One generation after WWII, young people in Europe and America would “discover” the Greek sun, sea, food, and nature, as an alternative world from the one of national and collective struggles. Thus begun tourism in Greece as we know it today. As for the generation who participated in WWII, they may have heard the echoes of Zeus and his victim Europa. They may have thought of the youthful Athenian Prince Theseus who came to Crete in a band of human tributes and left as a hero. They may have recalled the aged King Eageus, after seeing the black sail, jumping into the water, as clean as crystal, dark blue as wine. Maybe some of them were readers of The Times, which followed the reports and updates from the British archaeologists about the excavations in Crete.
“Those flowers, who planted them?” I approached Professor Kritsotakis, whom I simultaneously respect and am afraid of. I wanted to ask something else about the names. But when the question was pronounced, it concerned only the blooming decorations.
How many of them might have liked literature, classics, archaeology, mythology, and history? I wanted to ask, knowing no one could have the answer. How many of them had wished to visit Crete as a pilgrim? How many of them might have dreamed of facing the most beautiful water, hearing story-telling waves, inscribing their names on monuments, and entering history as heroes?
Just not like this.
I didn’t finish my poem.
Before I could finish, we were already flying from Chania to Athens. I know why I started the poem in the first place: no matter how inappropriate, I have to settle my Cretan trip into words, into a narrative, into that painted reconstruction of memory, because time is merciless like an earthquake, and I don’t know when will I be in Crete again.

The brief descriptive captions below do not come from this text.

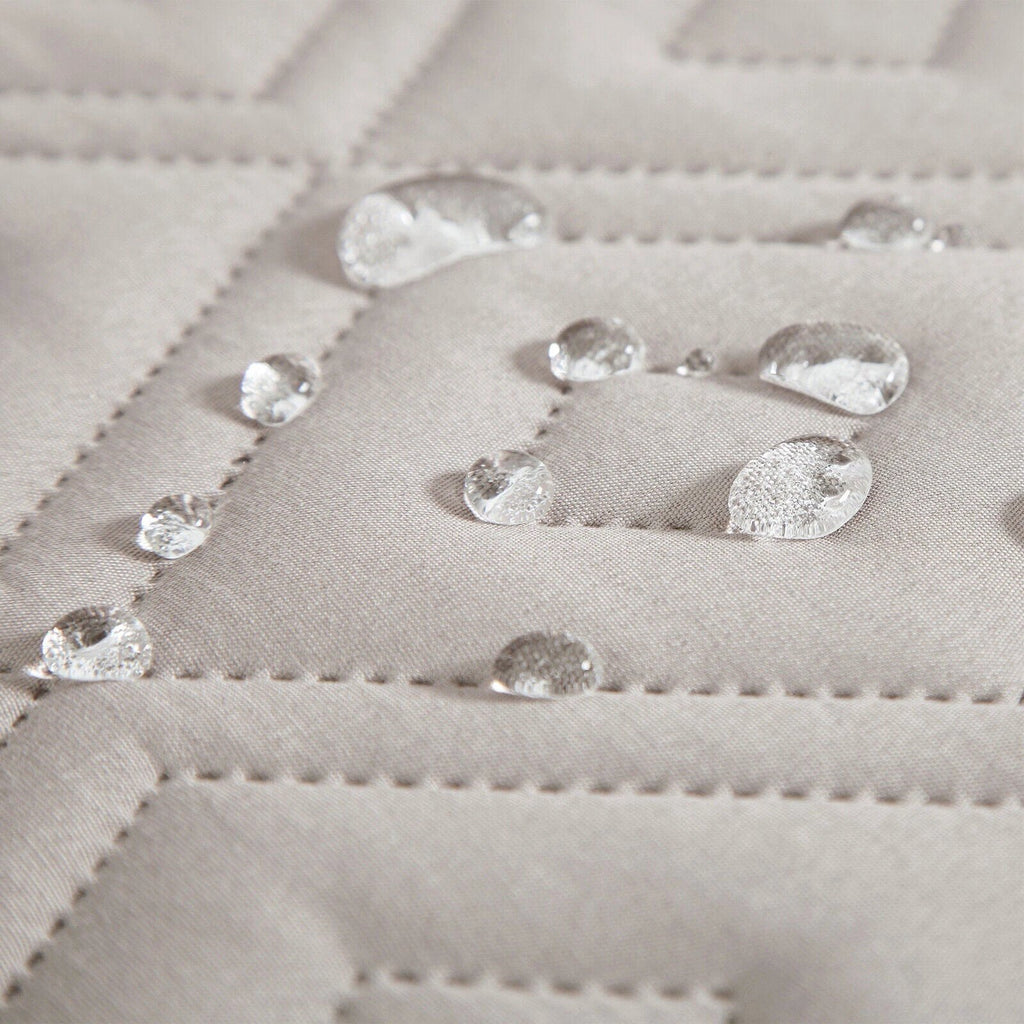 Quilted Sofa Cover Pet Protector Throw Waterproof Sofa Slip Covers 1/2/3 Settee Bowlift by Bowlift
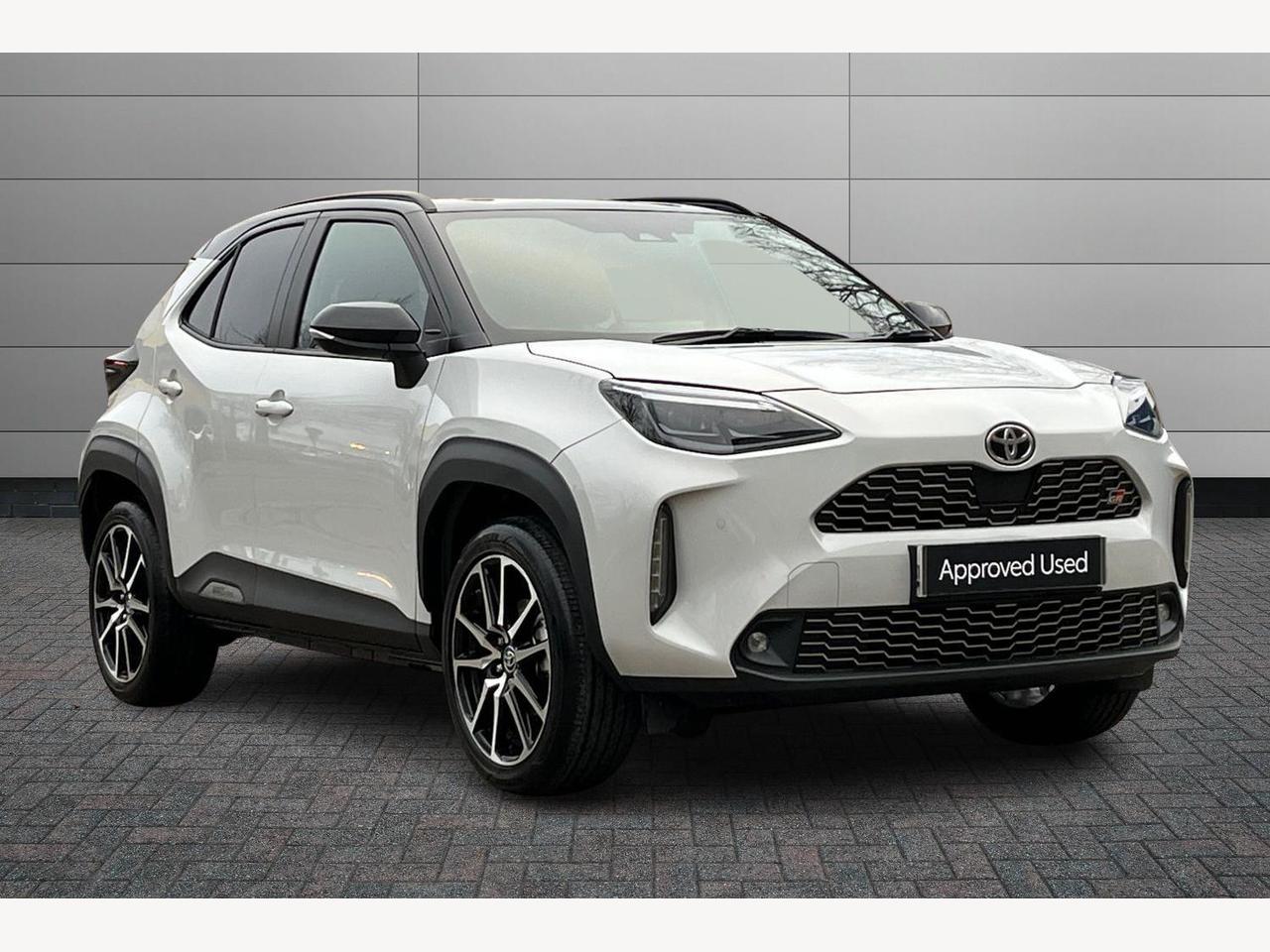 Main listing image - Toyota Yaris Cross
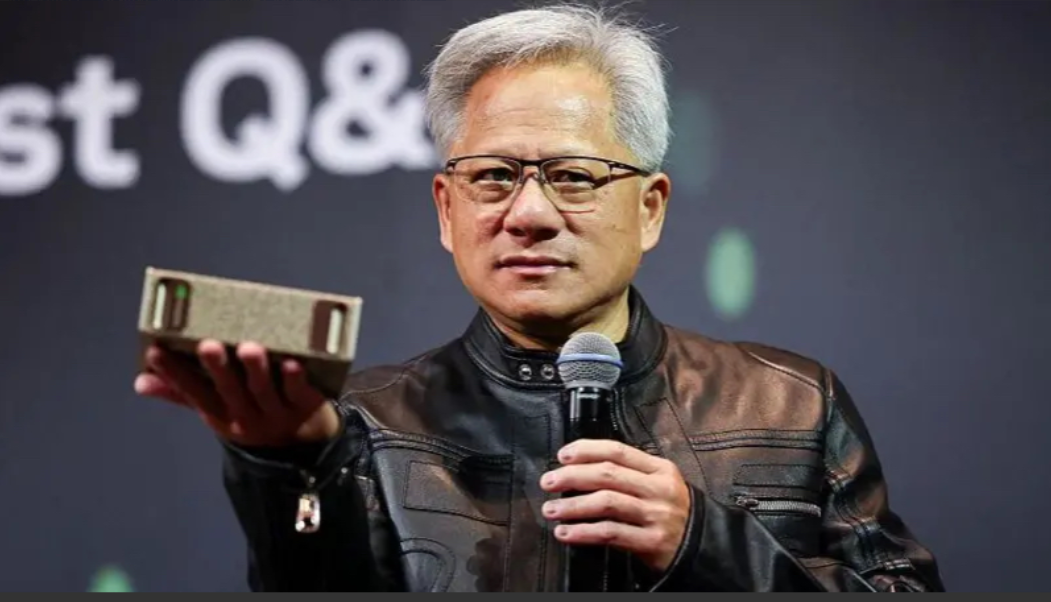 现在才知道紧张，是不是有点晚了？

2025年10月6日，英伟达CEO黄仁勋在接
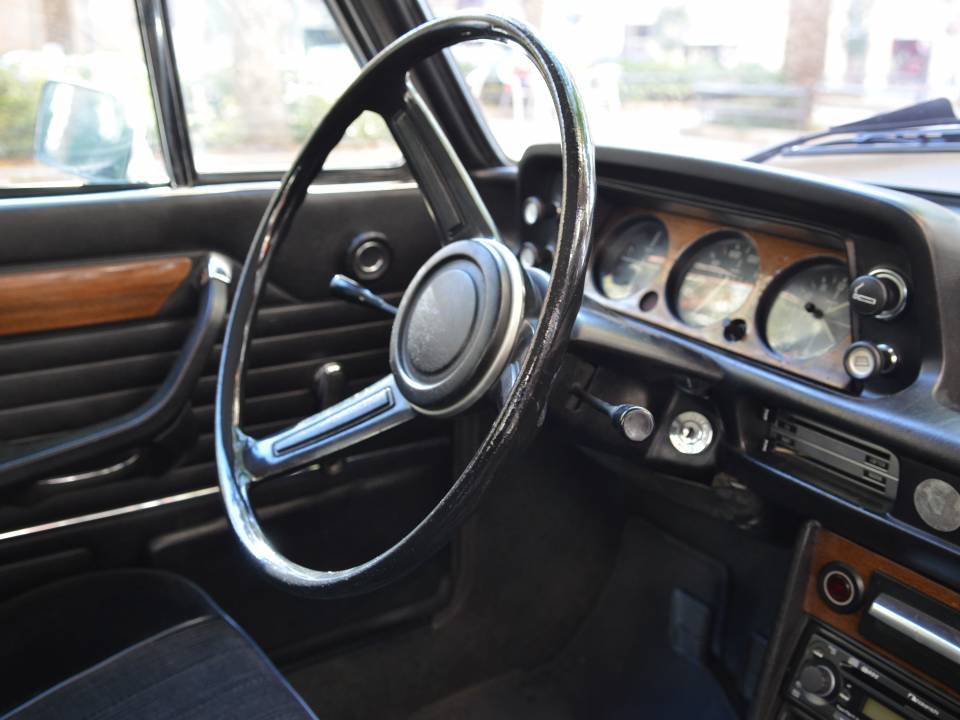 Bild 6/16 von BMW 2002 (1975)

“Get into the water!” I remember friends shouting at each other on a windy day. We were in Plaka after lunch. The beach was rocky. Walking on it with bare feet was already a challenge. The wind stirred up the water; waves were touching my nerves. The water was somehow chilling, and I didn’t want to make a dive. Then I heard someone saying, not toward me, “When will you be in Crete again?” I took this as a sign. So, laughing, screaming, and almost crying, I made myself swim until I got used to the water temperature;
That morning we were at Spinalonga, a site where all buildings date back to the Ottoman occupation. Back in history, it was a colony of people with leprosy and their families. Isolated forever on this islet, the inhabitants built their own independent community. History should be honored. Yet no one discouraged visitors from remarking on the beauty of peaceful ruins. In front of the entrance of the village, people were waiting to take pictures of the open dock through the old gate of rock when no one was in view.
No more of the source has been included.